Third, "Early Baidu City"

1, original:

Early in the morning, I bid farewell to Jiangling city, which is high into the sky, thousands of miles away, and the boat is only one day away. The cries of apes on both sides of the strait are still unconsciously crowing in their ears, and the canoe has passed the heavy green hills.

2. Translation:

In the morning, I bid farewell to the colorful clouds in Baidi City and rushed back to Jiangling thousands of miles away in one day. Apes on both sides of the Taiwan Strait kept barking, and my canoe had crossed the overlapping mountains.

3. Appreciate:

This poem was written by Li Bai when Xuanzong fled in the Tang Dynasty, which showed his desire to return to Jiangling. The poet used exaggerated and anthropomorphic methods to describe the magnificent scenery and steep terrain of the Three Gorges of the Yangtze River. In the poem, figures such as "a thousand miles" and "a day" are used to express the distance of travel and the urgency of time, which highlights the poet's rapidity in sailing. This poem expresses the poet's anxiety about the current situation through the description of the scenery and the rendering of the sound.

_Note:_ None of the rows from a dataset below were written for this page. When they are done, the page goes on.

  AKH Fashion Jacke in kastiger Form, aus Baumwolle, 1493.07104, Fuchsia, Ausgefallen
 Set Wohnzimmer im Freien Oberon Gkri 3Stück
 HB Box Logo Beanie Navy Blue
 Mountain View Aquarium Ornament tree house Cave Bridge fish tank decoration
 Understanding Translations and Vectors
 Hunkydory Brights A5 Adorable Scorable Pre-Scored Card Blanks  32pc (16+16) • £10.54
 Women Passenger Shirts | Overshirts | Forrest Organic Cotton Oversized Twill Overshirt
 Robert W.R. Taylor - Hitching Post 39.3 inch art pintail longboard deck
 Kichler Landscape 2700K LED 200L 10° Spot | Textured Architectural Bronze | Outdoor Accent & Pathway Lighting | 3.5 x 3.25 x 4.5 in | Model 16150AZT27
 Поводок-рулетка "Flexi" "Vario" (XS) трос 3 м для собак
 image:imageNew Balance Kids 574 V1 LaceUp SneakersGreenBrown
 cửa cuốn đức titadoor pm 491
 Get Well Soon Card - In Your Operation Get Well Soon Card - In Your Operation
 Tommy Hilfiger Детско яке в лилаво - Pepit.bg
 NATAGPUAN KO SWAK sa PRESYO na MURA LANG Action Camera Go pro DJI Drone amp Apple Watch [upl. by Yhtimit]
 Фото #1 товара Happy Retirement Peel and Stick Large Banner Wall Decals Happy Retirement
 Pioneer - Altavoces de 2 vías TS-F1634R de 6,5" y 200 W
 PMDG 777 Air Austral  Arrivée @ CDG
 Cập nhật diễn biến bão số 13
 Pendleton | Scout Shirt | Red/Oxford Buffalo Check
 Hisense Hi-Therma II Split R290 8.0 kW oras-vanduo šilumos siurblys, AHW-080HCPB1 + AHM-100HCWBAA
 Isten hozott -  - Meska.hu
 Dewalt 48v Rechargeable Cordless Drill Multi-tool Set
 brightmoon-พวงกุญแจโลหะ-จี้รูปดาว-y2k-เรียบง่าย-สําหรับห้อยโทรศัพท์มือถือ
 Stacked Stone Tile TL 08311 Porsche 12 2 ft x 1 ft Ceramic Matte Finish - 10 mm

Fourth, The Farewell of the Yellow Crane Tower Meng Haoran on his way to Yangzhou.

1, original:

Old friends frequently waved to me, bid farewell to the Yellow Crane Tower, and traveled to Yangzhou in this beautiful spring filled with catkins and flowers. My friend's sail shadow faded away and disappeared at the end of the blue sky, only seeing the first line of the Yangtze River and heading for the distant horizon.

2. Translation:

An old friend said goodbye to the Yellow Crane Tower and went west, and came to Yangzhou City in March. The lonely sail shadow gradually disappeared in the blue sky, only to see the Yangtze River flowing to the horizon.

3. Appreciate:

This poem was written by Li Bai when he sent his good friend Meng Haoran away to Guangling, expressing his loneliness and helplessness after his good friend left. Poets use antithesis and personification to write the Yellow Crane Tower, solitary sails and other scenery, and set off their feelings with their friends. Instead of using adjectives and adverbs, the poem creates an ethereal and distant artistic conception through the combination of motion and static.